Banks has struggled in the past. Charlie’s Angels (2019) made $73,235,048 Worldwide on an estimated $48,000,000 budget so after marketing it probably lost money. She had success with Pitch Perfect 2 (2015) which grossed $287,144,079 Worldwide on a $29,000,000 budget (excluding marketing) but I am sure that was more down to the stars and the franchise than Bank’s directorial prowess.
While people reviewing the film don’t seem to think that it’s all it’s cracked up to be (myself included), its Rotten Tomatoes score gives it a pretty respectable 74% audience score at the time of writing (during opening weekend).
I’m afraid I just can’t see the appeal.
The film will make money though, it looks set to top $10,000,000 on its opening weekend and I honestly don’t think it had a massive budget, it’s just a shame they didn’t spend more of it on the script.
Cocaine Bear had so much promise but failed to deliver, much like a line which you think is coke but is actually baking soda.

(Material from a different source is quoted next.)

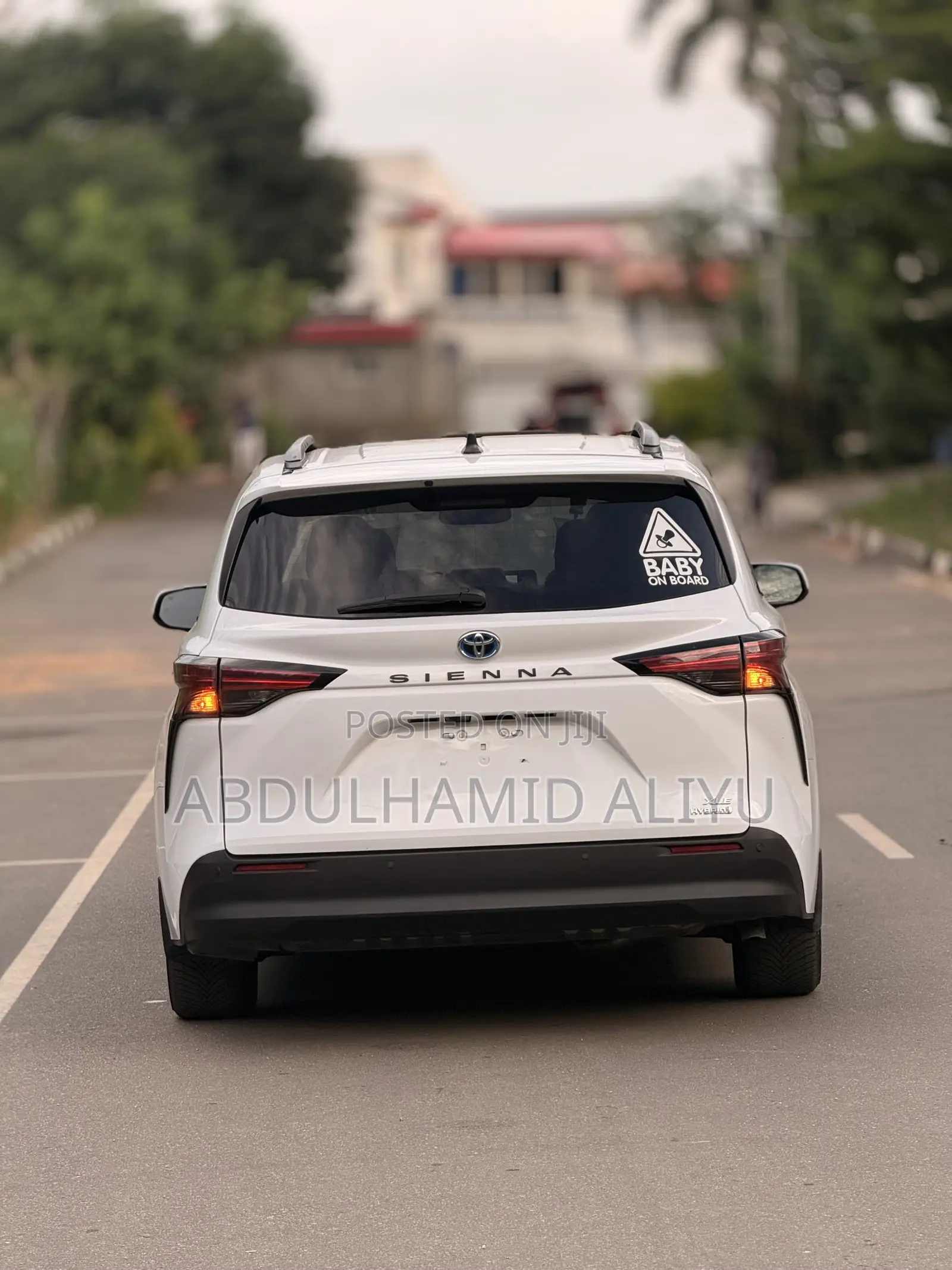 Toyota Sienna XLE 7-Passenger 2021 White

And just to let you know, if you’re interested in what happened to the actual cocaine bear it ate the stash, died and was then stuffed and placed on display in a mall in Kentucky. At least it died happy I guess? Sources (New York Times and Mental Floss)
Watch this film if you don’t mind a little gore and being a little bored. And if you do get bored while watching this movie you can play the official Cocaine Bear game – go eat some people!